Guest post: Pimco chief executive Mohamed El-Erian looks at the Federal Reserve’s very delicate balancing act…
The message from the FOMC is clear: let’s not rock the boat in the anticipation (or hope) that the US economy can transition to more robust low-inflationary growth. To this end, the announcement at the end of the two-day FOMC meeting re-iterates that policy interest rates will stay “exceptionally low” for “an extended period;” it welcomes the continued pickup in economic activity; and it enhances future policy optionality by listing a mix of variables that would be considered to assess whether inflationary pressures remain contained.
The FOMC is trying to strike a very, very delicate balance; a major question is whether markets and, more importantly, the real economy will be appropriately accommodating.
Markets welcomed the FOMC statement by initially doing more of what they have done in recent months: piling even more into the momentum trade for risk assets, and further increasing the dollar-funded carry trade that Nouriel Roubini wrote about in the FT on Monday.

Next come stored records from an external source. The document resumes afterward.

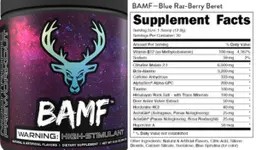 BAMF Blue Raz-Berry Beret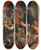 Triptych art skateboard deck of Follower Of Peter Paul Rubens The Miracles Of Saint Ignatius Of Loyola by Follower Of Peter Paul Rubens (1577-1640)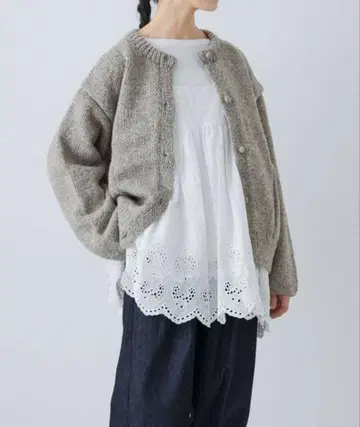 카구레 페루 니트 가디건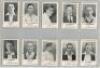 Cricket cigarette cards 1928 onwards. A good selection of loose cards. Complete sets are Major Drapkin &amp; Co. 'Australian and English Test Cricketers' 1928 (full set of 40). Wills &amp; Co. 'Cricketers' 1928 second series (50). John Players &amp; Sons - 6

As a result, US equity markets rose initially before succumbing to some profit taking; the dollar weakened substantially; gold surged; and the yield curve steepened.
It is totally rational for risk markets to rally in the very short term when the FOMC flashes a green light for the dollar-funded carry trade. The challenge is that, in the process, they accentuate what is already a wide gap between valuations and the outlook for economic fundamentals in 2010.
The risk for the US is that, absent a sustainable and robust resumption of growth (driven by genuine private sector activity rather than stimulus and inventory cycles), the underlying economic and financial conditions are getting more unstable and not less—in other words, the Fed runs the risk of inadvertently pursuing short-term stability at the cost of longer-term instability.
Look for all this to re-ignite the difficult policy discussions on whether the Fed should lean against the wind in the context of market overshoots; to fuel concerns about the standing of the dollar as the global reserve currency; and to impart greater market volatility down the road.
Mohamed A. El-Erian is chief executive and co-chief investment officer of PIMCO. His book ‘When Markets Collide’ won the 2008 FT/Goldman Sachs Business Book of the Year.